On Wednesday evening Erica had yet another meeting downtown, so we stayed at Café Pap for dinner; an unfortunate name for a restaurant but they make wonderful coffee. The end result was that we found ourselves in the van crawling home in typical Kampala bumper to bumper traffic. Vehicles inched along as boda bodas (motorcycles) wove in and out carrying their load of passengers. Boda bodas are the fastest, although not the safest, form of transport in Kampala. They can carry several passengers at a time. Women in skirts sit side saddle and we have seen women casually texting as they perch precariously on the back of a weaving, lurching boda boda. There are also bicycle versions but although cheaper they are not as fast.

The power was out in much of the city as we drove home so candles, fires and kerosene lamps provided the only lights, lending a Dantesque quality to the neighborhoods. Kampala spreads across several hills.
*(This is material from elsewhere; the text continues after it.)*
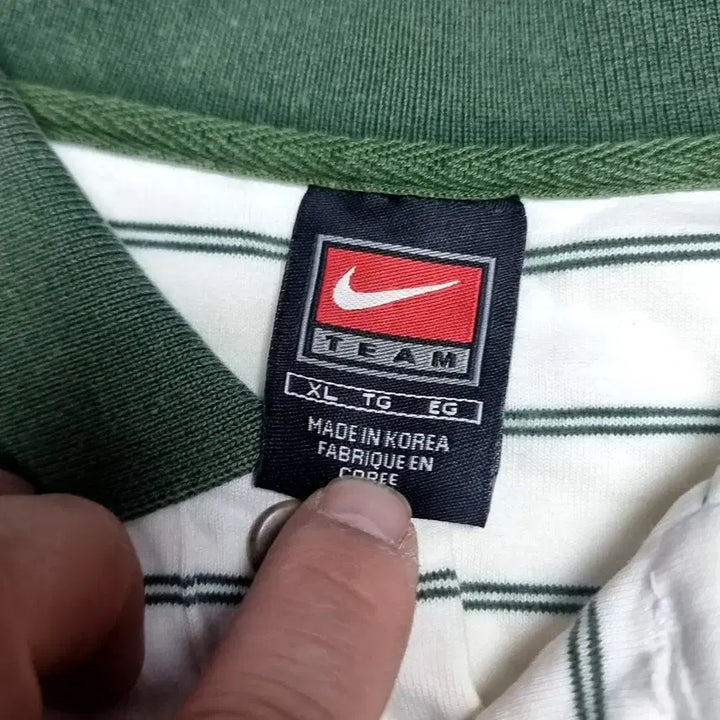 [BUNJANG] Nike Stripe Polo Shirt (100) / 80s 한국제 나이키 스트라이프 반팔 폴로티 U 로고(100)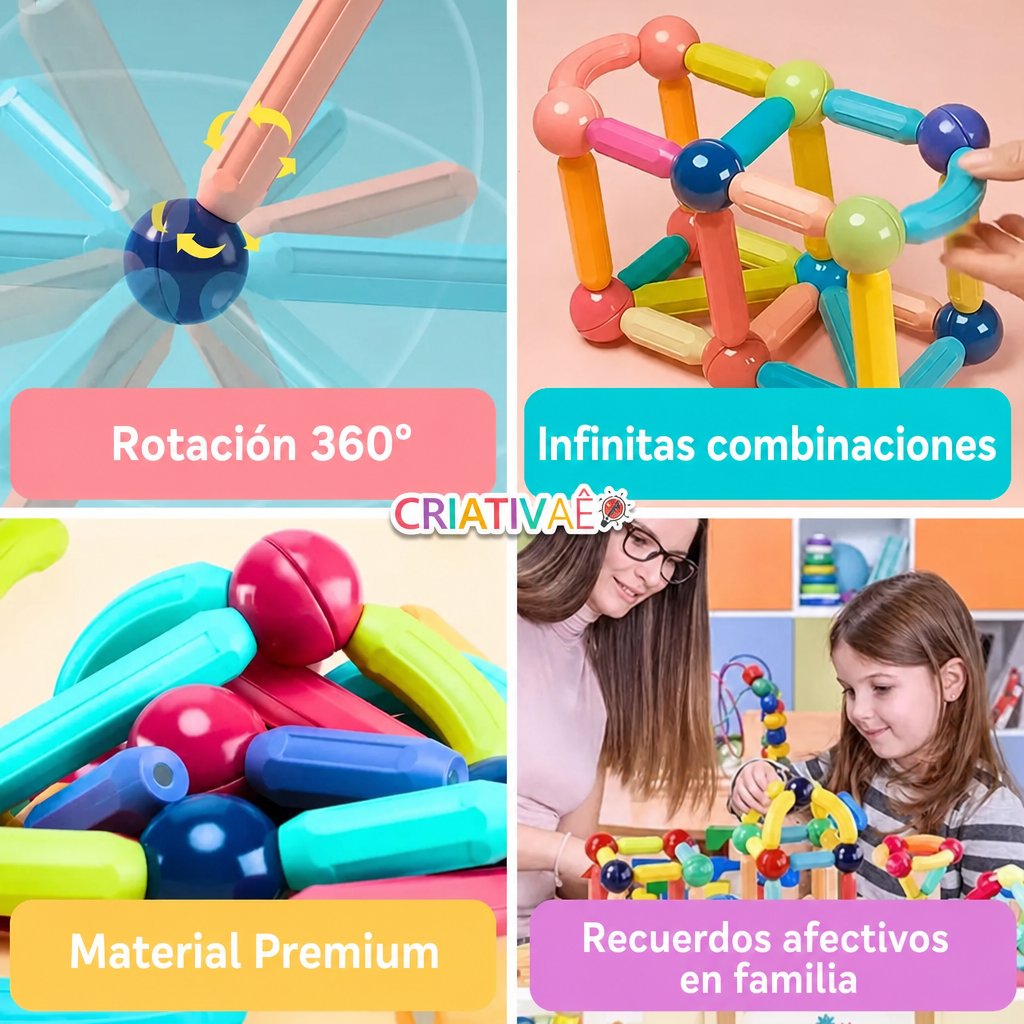 Magna Kids Criativae - Varillas y Esferas Magnéticas para Construir sin Fuerza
As we inched slowly along the hillside we could look out across the city. A haze of smoke from cooking fires and exhaust shrouded the city.

In Canada we neatly partition our neighborhoods according to socio-economic class. Not so in Kampala. Plots of land filled with tiny ephemeral huts snuggle up against solid, walled and gated upper crust homes. The high brick and plaster walls are topped with shards of glass or coils of razor wire. The gates, as is the gate to the Niteo compound, are solid metal with little doors that can be opened for people. You cannot see inside the compounds from the road. In many places small homes and shops have been constructed between the roadway and the walls. This is how most of the people live, trying to eke out a living selling used clothing and bits of food. Within a minute we might pass a gated mansion, an acre or so crammed with huts and people, a plot of garden with banana trees and sweet potato, and then another walled and gate home lined on the outside with small shops.

I was mentally exhausted by the time we reached home. Kampala provides a constant source of stimulation.